As blue herons make their nesting grounds in urban landscapes, Heron Helpers make a point to inform the community about how to help preserve the bird’s natural habitat.
“We want to get out the word about who we are and about how to protect [the herons],” HHH Volunteer Coordinator Barbara Selemon said.
Anderson said people can help protect the herons that are living amongst them in a number of ways, namely by taking actions to avoid bringing in predators. Some examples include waste management and cleanliness, keeping compost in protected containers, not feeding pets outside and leaving food for other animals, and not feeding heron predators such as raccoons and eagles.
The HHH promotes citizen-monitoring programs where people can go on heron tours and watch the birds feeding. Raising funds to support their efforts, the organization has received a $16,500 grant from the Department of Neighborhoods that has helped fund awareness programs in the Seattle area.

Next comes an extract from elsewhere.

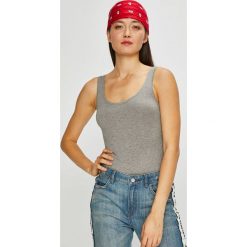 Diesel - Top. Szare bluzki damskie marki Diesel, s, z elastanu, casualowe, z okrągłym kołnierzem, bez rękawów. W wyprzedaży za 99,90 zł.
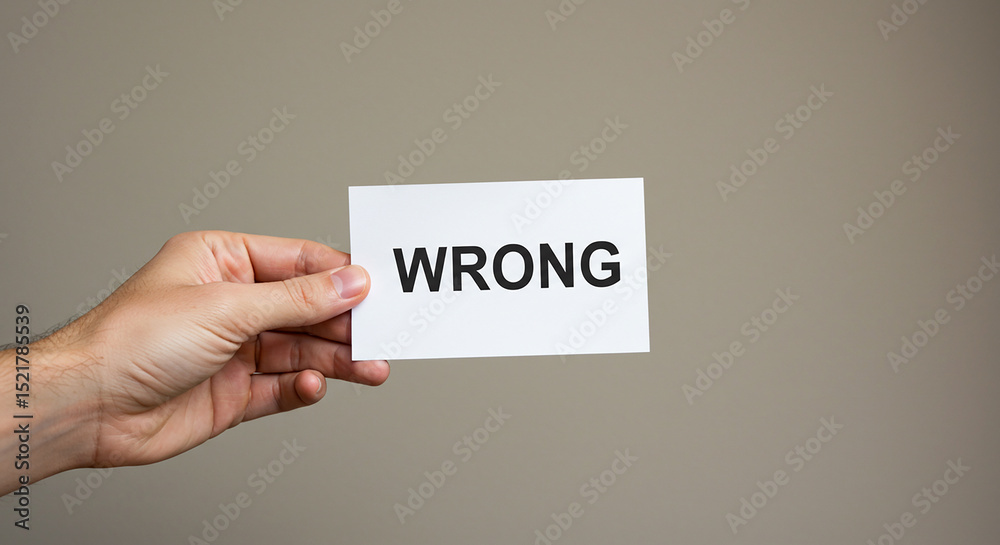 A hand holding a white card with the word wrong printed on it against a neutral colored background A hand holding a white card with the word wrong printed on it against a neutral colored background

Though walking through the colony in the Kiwanis Ravine is discouraged, there are other places to view herons. The University of Washington campus has seen its share of blue herons, and heron viewing can also take place at Mathews Beach Park and the West Marginal Way Greenbelt.
Even Ballard is home to herons. They hunt for fish at the Ballard Locks and live in the trees along the path west of the Ballard Locks and east of the railroad bridge.